By Dalton Valette
To celebrate this year’s Presidents’ Day, let’s look at the long history of America’s heads of state who enjoyed the great outdoors. For us, Backcountry Hunters & Anglers, one mustachioed man may come to mind, but there have been plenty of other hunters and anglers who’ve resided in the White House.
George Washington (1st president, 1789-1797)
Throughout his illustrious career as a surveyor, farmer, soldier, and president, Washington enjoyed a great amount of time in nature, both hunting and fishing. Though Washington traveled throughout the colonies, he was most attached to the Shenandoah Valley in Virginia, which he labeled the “Garden of America.”

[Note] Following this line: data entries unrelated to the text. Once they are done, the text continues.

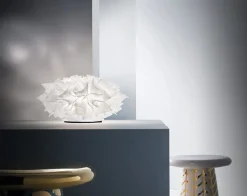 Online Da tavolo Veli table 32 stile Moderna in offerta Lampade Da Tavolo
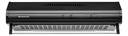 PURIFICADOR BIOS 3761B00 NEGRO FILTRO CASSETTE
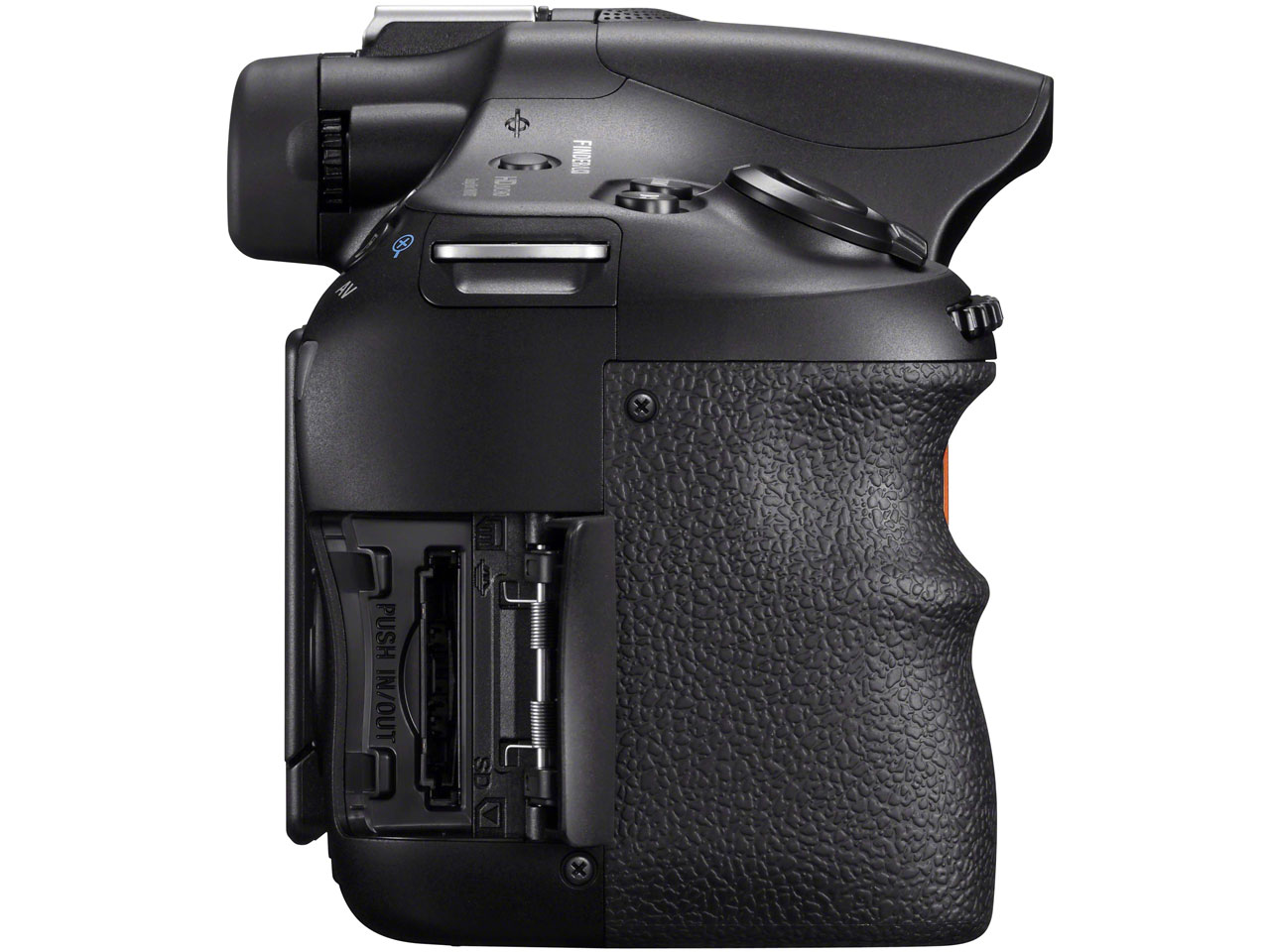 ��58 SLT-A58Y �_�u���Y�[�������Y�L�b�g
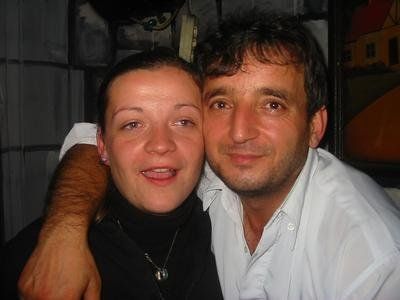 870856.jpg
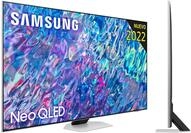 Smart TV Samsung QE55QN85B NEO QLED WI-FI 3840 x 2160 px 55" Ultra HD 4K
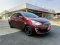 MITSUBISHI ATTRAGE 1.2 GLX M/T 2018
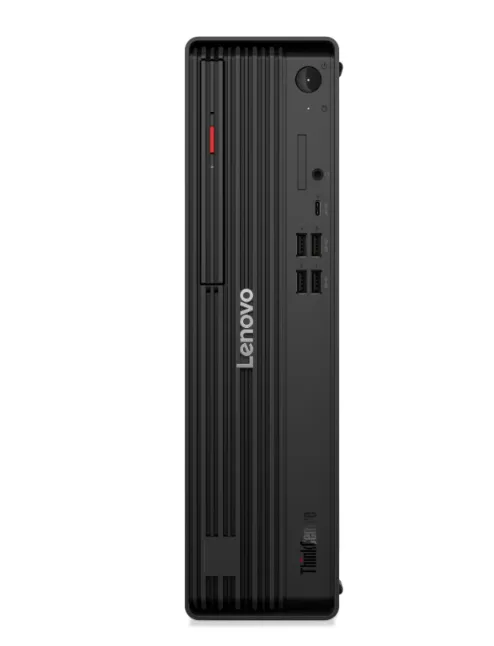 Lenovo ThinkCentre  M70s Gen 6 Intel Core™ Ultra 5 225, 10C1 2YQ0005GR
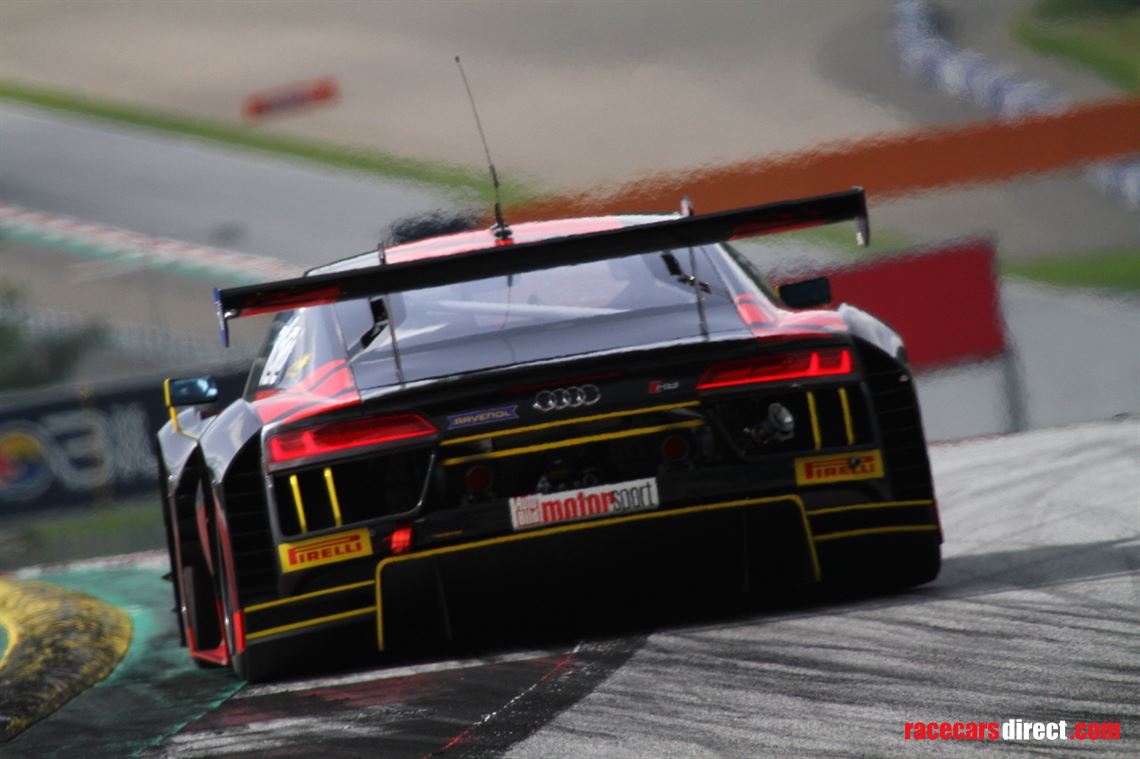 audi-r8-lms-fia-gt3-my-2016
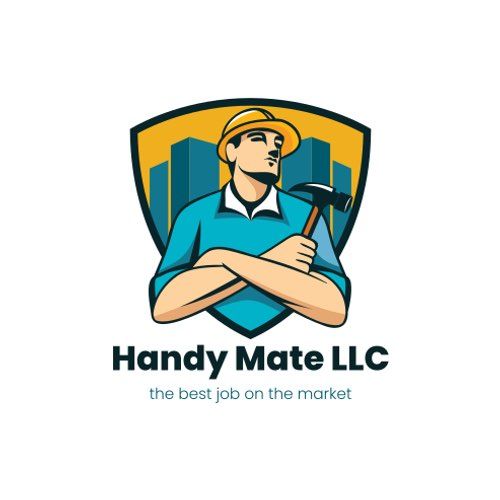 Handy Mate LLC
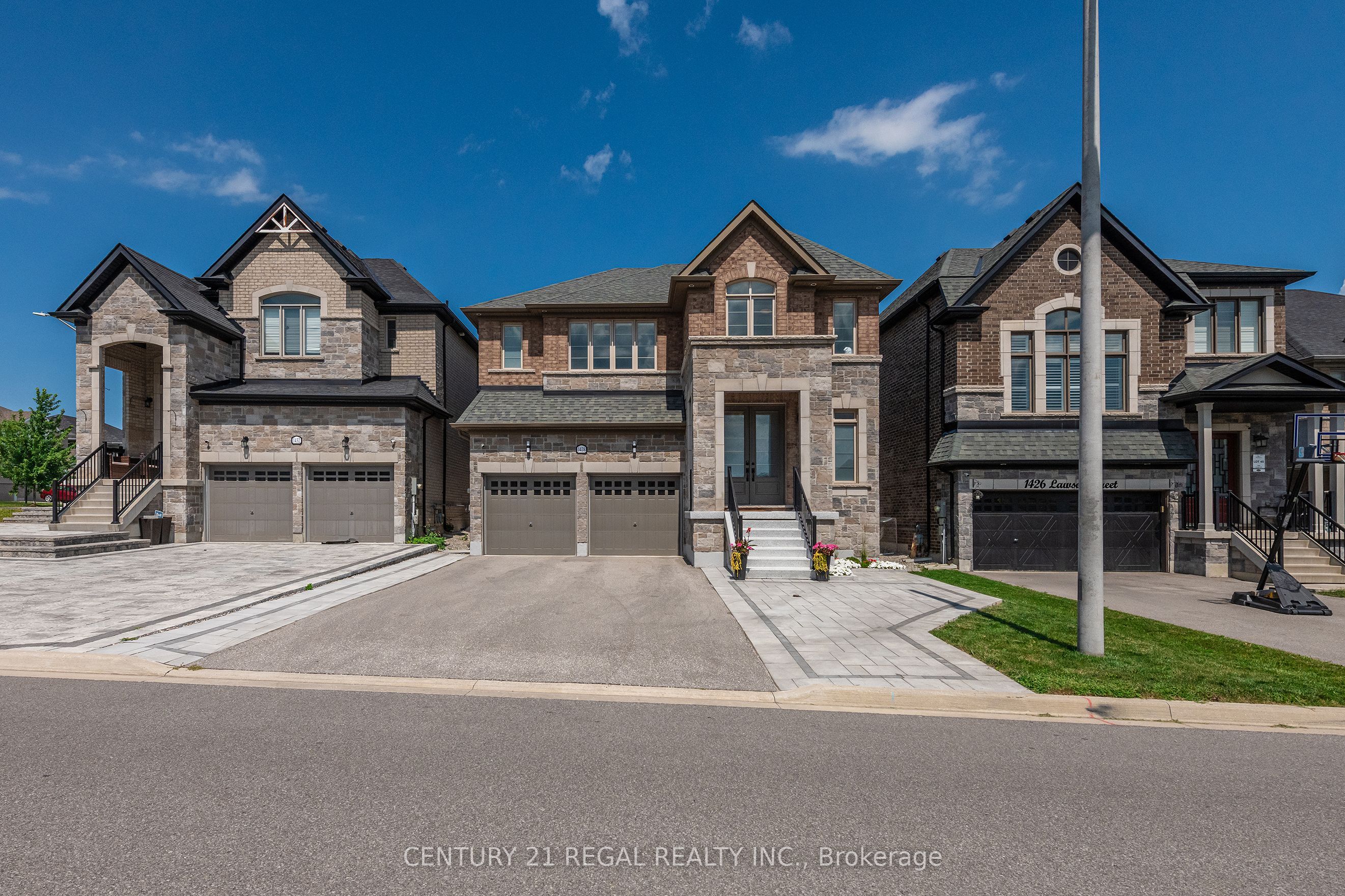 Listing 258136 Image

Washington regularly hunted birds—from mallards to turkeys—and often hunted on horseback or used his hounds for fox and boar hunting. Deer were plentiful in the acres around his home at Mount Vernon, and he enjoyed deer so much that he set about having a deer park overlooking the Potomac River. Washington imported them from England, writing that he admired English deer, which were “very distinguishable by the darkness of their colour, and their horns.” Washington even owned a pure white doe, which he regarded as “a very great curiosity.”
Always one to innovate and expand business operations at Mount Vernon, Washington also set about having fisheries along the Potomac—during a time when the Virginia tobacco market was beginning to shrink. Washington routinely fished for shad, herring, bass, carp, perch, and sturgeon, though he focused his fishery stocks on shad and herring. Though enslaved men and women supported this business venture at Mount Vernon, Washington was also known to haul, fish, and filet catches himself, as fishery work was of great importance to him.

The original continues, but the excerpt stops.